World War II submarines could only run submerged on electric motors. They routinely surfaced at night to run on Diesel engines and re-charge their batteries. In operations in the northern latitudes off Norway during the summer this posed particular problems – as the in the ‘land of the midnight sun’ the sun never set. The commander of HMS Shark Lieutenant-Commander Buckley was well aware of the hazard involved when he surfaced in the evening of 5th July – but the batteries had to be re-charged so that they could maintain their patrol the following day. The risk of being spotted by German aircraft was considerable – and at 2215 this was exactly what happened. HMS Shark made a crash dive that left two members of the deck crew swimming in the water.
Despite managing to submerge the submarine was badly damaged by bombs that hit while she was at a shallow depth. At 2245 the damage sustained forced them to the surface, which they just managed to achieve with the little compressed air they had left. Miraculously they soon came across and were able to rescue the two crew members who had been left swimming in the sea. It was now apparent that the submarine was badly damaged, could not dive and had severely impaired steering. She was a sitting duck when German aircraft spotted her again at about midnight. HMS Shark put up a fierce fight with her deck gun and many of the crew were injured in the series of attacks that followed, including Lieutenant-Commander Buckley, who sustained wounds to the head and legs. Nevertheless they probably accounted for two German aircraft shot down or badly damaged.
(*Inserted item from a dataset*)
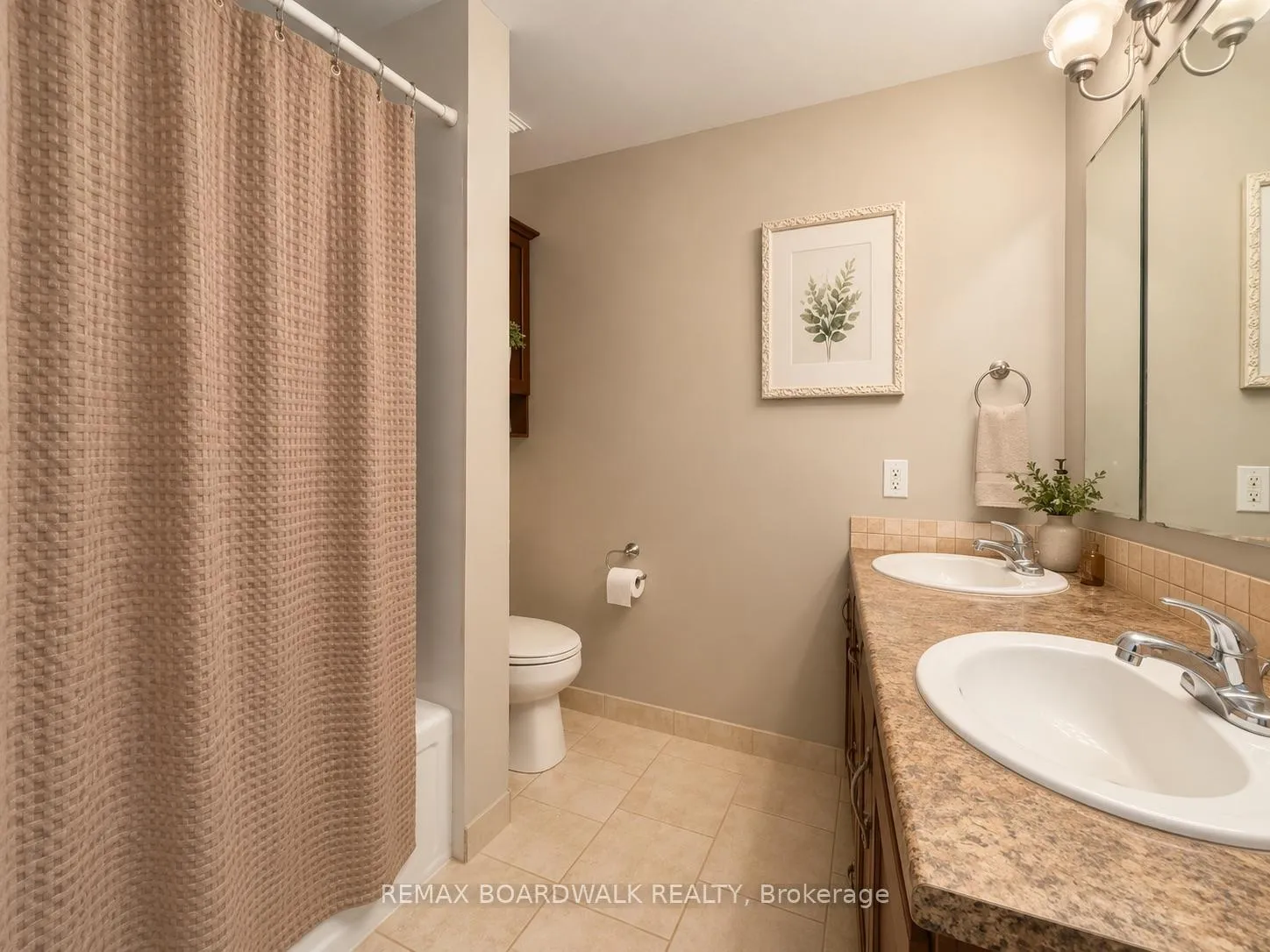 Photo 23 of 22 Bartley Crescent, Ottawa, Barrhaven - On the Green — HOMEH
The end was never really in doubt:
Some time about 0300, four Messerschmidt 109s appeared from the direction of Stavanger and from now on continued to rake the bridge and guns crew with machine gun and cannon fire. Their fire was devastating and it obvious that the end was now in sight although everyone stuck to their posts in the most magnificent manner until wounded, or in one case, killed outright.
One of the seaplanes now signalled us by light to “stop or steer to.. Stavanger”. No notice was taken of this signal but about a quarter of an hour later, after continuous attacks from the 109′s, our ammunition being expended and having many wounded or dead (l could not tell which), I reluctantly decided to capitulate.
Some time after, the “fighter” attacks had commenced, I called the First Lieutenant on to the bridge as I was feeling particularly shaky and-, from this time on, I have only a vague recollection as to what actually happened.
Lieutenant-Commander Buckley was only able to complete his report on the action when he was released from prisoner of war camp in 1945. It is an extraordinarily detailed account of all the damage sustained, the fight back by the crew, as well as the measures taken to ensure that the submarine was not captured. HMS Shark did sink shortly after German trawlers arrived and got her under tow. In compiling his report Lieutenant-Commander Buckley would have been very conscious of the very similar circumstances of the surrender of HMS Seal. Lieutenant-Commander Lonsdale of HMS Seal was also released from POW camp in 1945 but he now faced a Court Martial. In the case of HMS Seal, despite his efforts, the submarine had been captured by the Germans.